Exact algorithms for a joint order acceptance and scheduling problem

This paper considers the scenario where a manufacturer receives multiple orders that are characterized by the revenue, processing time, due date, and tardiness penalty per time unit. The manufacturer can be seen as a single-machine system that adopts a make-to-order strategy. Due to the capacity limitation and tardiness penalty, the manufacturer cannot accept all orders. It needs to determine the optimal set of accepted orders and the corresponding production schedule that maximizes the total revenue minus tardiness penalty.

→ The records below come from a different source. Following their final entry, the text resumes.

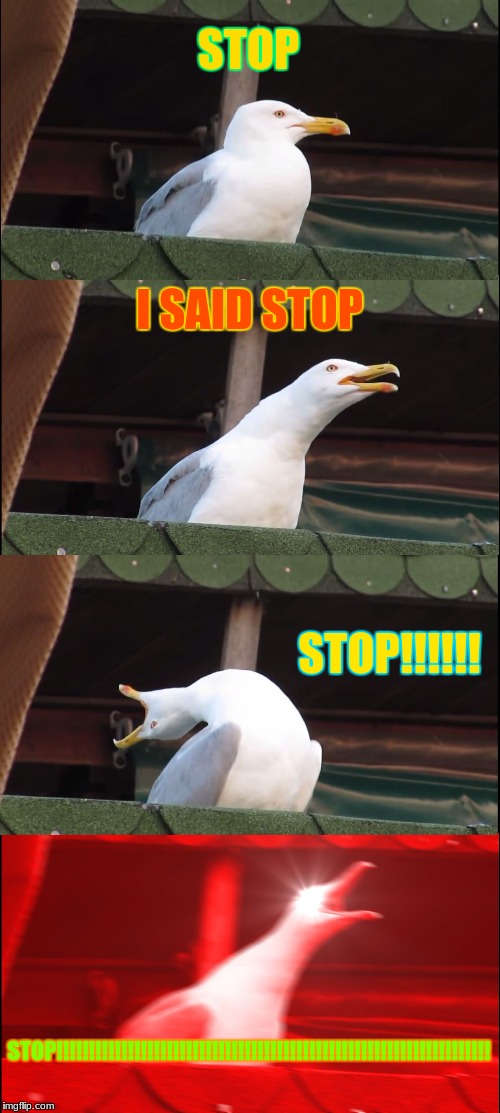 Inhaling Seagull | STOP; I SAID STOP; STOP!!!!!! STOP!!!!!!!!!!!!!!!!!!!!!!!!!!!!!!!!!!!!!!!!!!!!!!!!!!!!!!!!!!!!!!!!!!! | image tagged in memes,inhaling seagull | made w/ Imgflip meme maker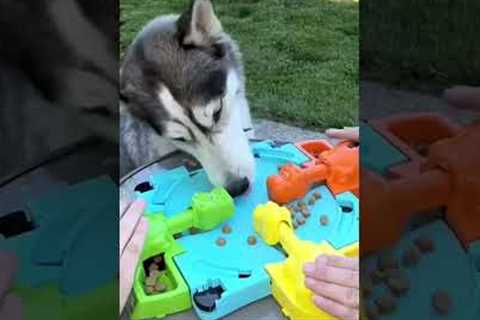 Hungry Husky Plays Board Game For Food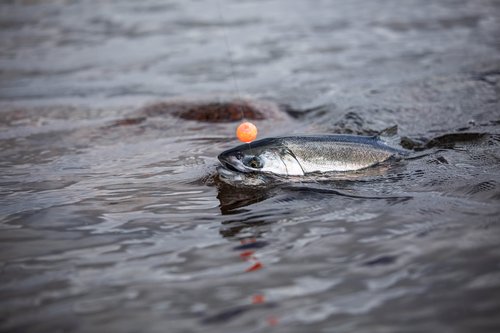 BnR Tackle Soft Beads Pro Pack River Run
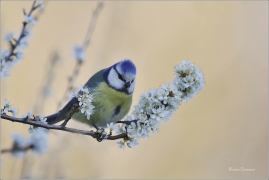 <p>SÝKORA MODŘINKA (Cyanistes caeruleus) ---- /Eurasian blue tit - Blaumeise/</p>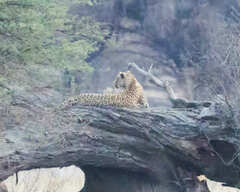 Panthera pardus pardus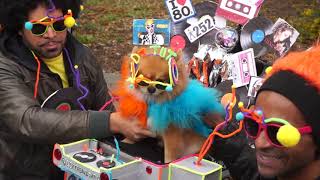NYC's Cutest Event: The Tompkins Square Halloween Dog Parade
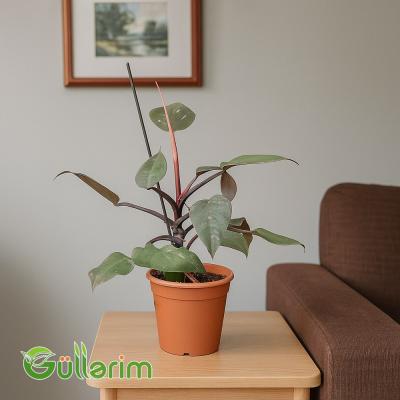Philodendron (Filodendron)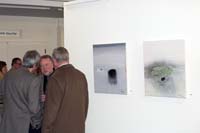 rogerbertemes200603021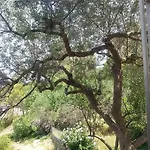 Guest House Jelsa Gæstehus Jelsa (Hvar)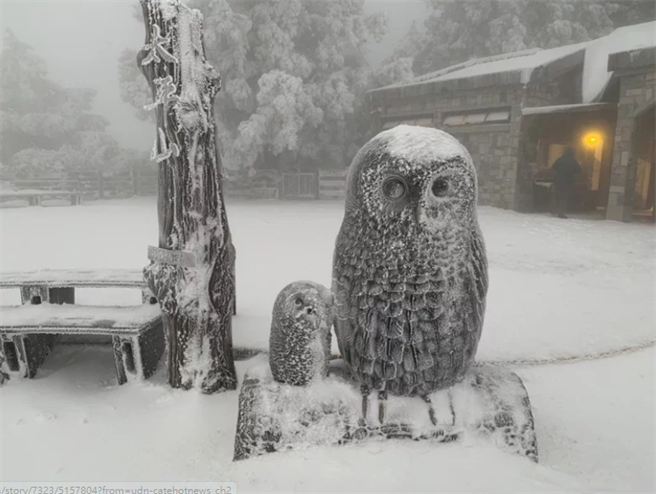 太平山積雪達15公分，今午禁止入園。（羅東林管處提供）
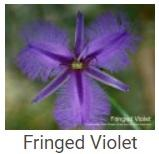 Australské essence - Fringed Violet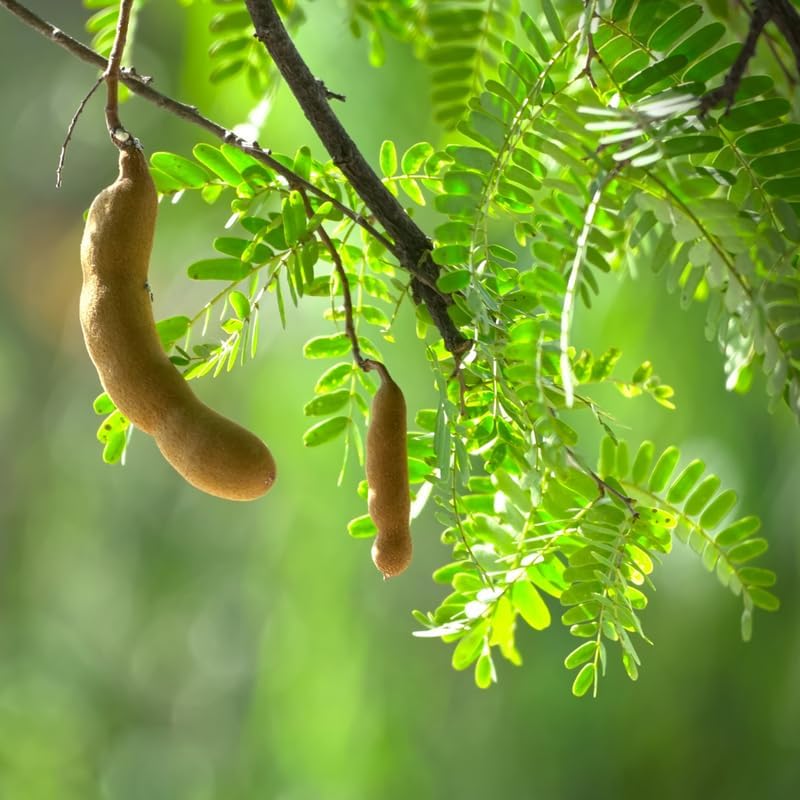 No Ship to CA, HI, AK, Sour Tamarind Tree Live Plant, 2-3 Foot Tall Potted Plant, 3 Gallon Size, Easy Care Tropical Greenery, Fruit Tree for Home Landscapes
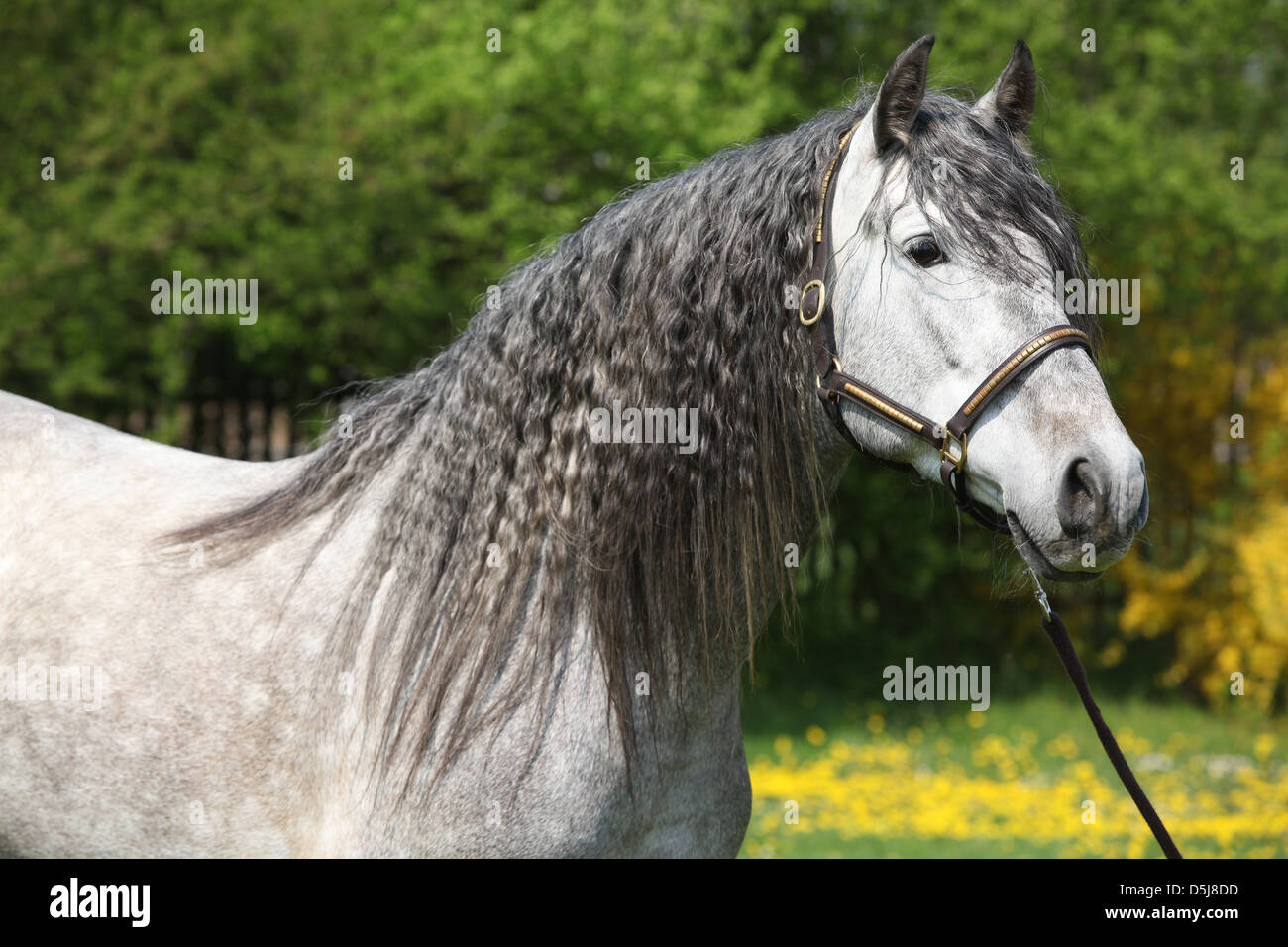 Portrait of Carthusian horse - the purest line of pura raza espanola Stock Photo
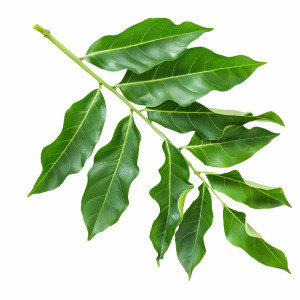 عکس برگ درخت آپارتمانی بدون پس زمینه با کیفیت بالا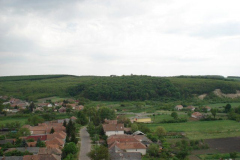 DSC05634
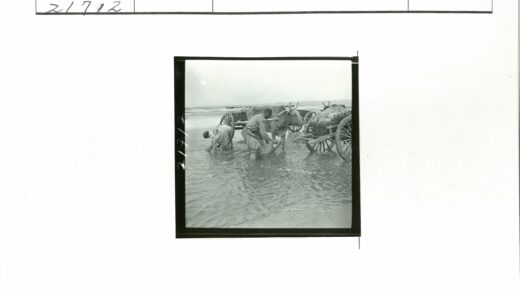 农夫浅水区劳作与牛车.jpg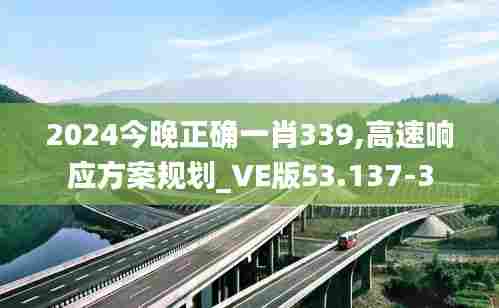 2024今晚正确一肖339,高速响应方案规划_VE版53.137-3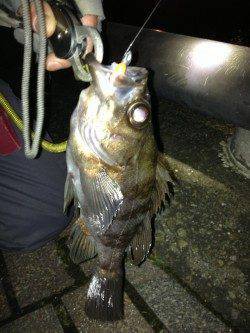 どこへ行くも爆風で３カ所目でなんとかメバルゲット！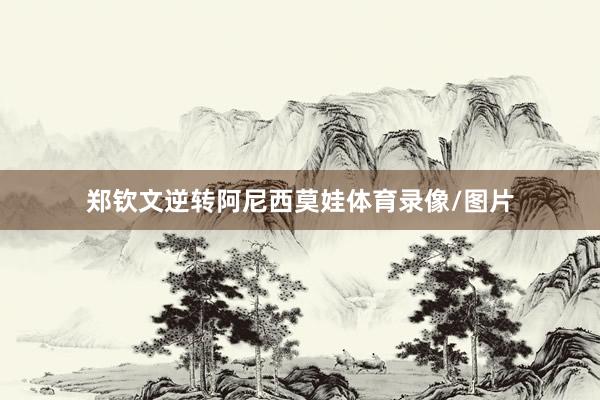 郑钦文逆转阿尼西莫娃体育录像/图片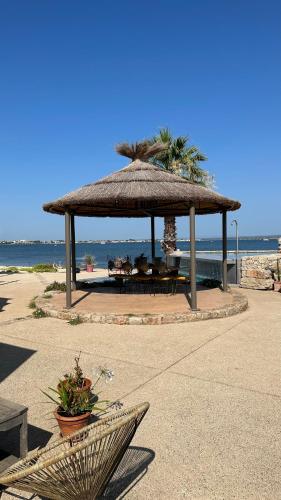 Les pieds dans l’eau - Chambre d'hôtes - Sète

Three different mathematical formulations are presented to model the problem: sequential relation-based formulation (SBF), assignment formulation (ASF), and time-index formulation (TIF). The first two models use both continuous and binary variables while (TIF) only uses binary variables but requires order processing times to be integer. Three exact algorithms are proposed to solve the problem. The first algorithm, denoted by DPA, follows a pure dynamic programming (DP) approach. The second algorithm, denoted by DPIA-SR, solves the problem in multiple stages. In the first stage, it solves a relaxed version of (TIF) using DP; then, in the following stages, the relaxed constraint is gradually recovered, and the resulting models are solved using DP until an optimal solution to the original model is found. The results of one stage are used to eliminate unnecessary states in the DP algorithm for the next stage. The third algorithm, denoted by DPIA-LRSR, improves DPIA-SR by incorporating Lagrangian relaxation to achieve higher computational efficiency. The numerical experiment shows that, when using CPLEX to solve the models, (ASF) and (TIF) take much less CPU time than (SBF); the last two algorithms and their variations significantly outperform CPLEX regarding computational time; and DPIA-LRSR shows the highest efficiency.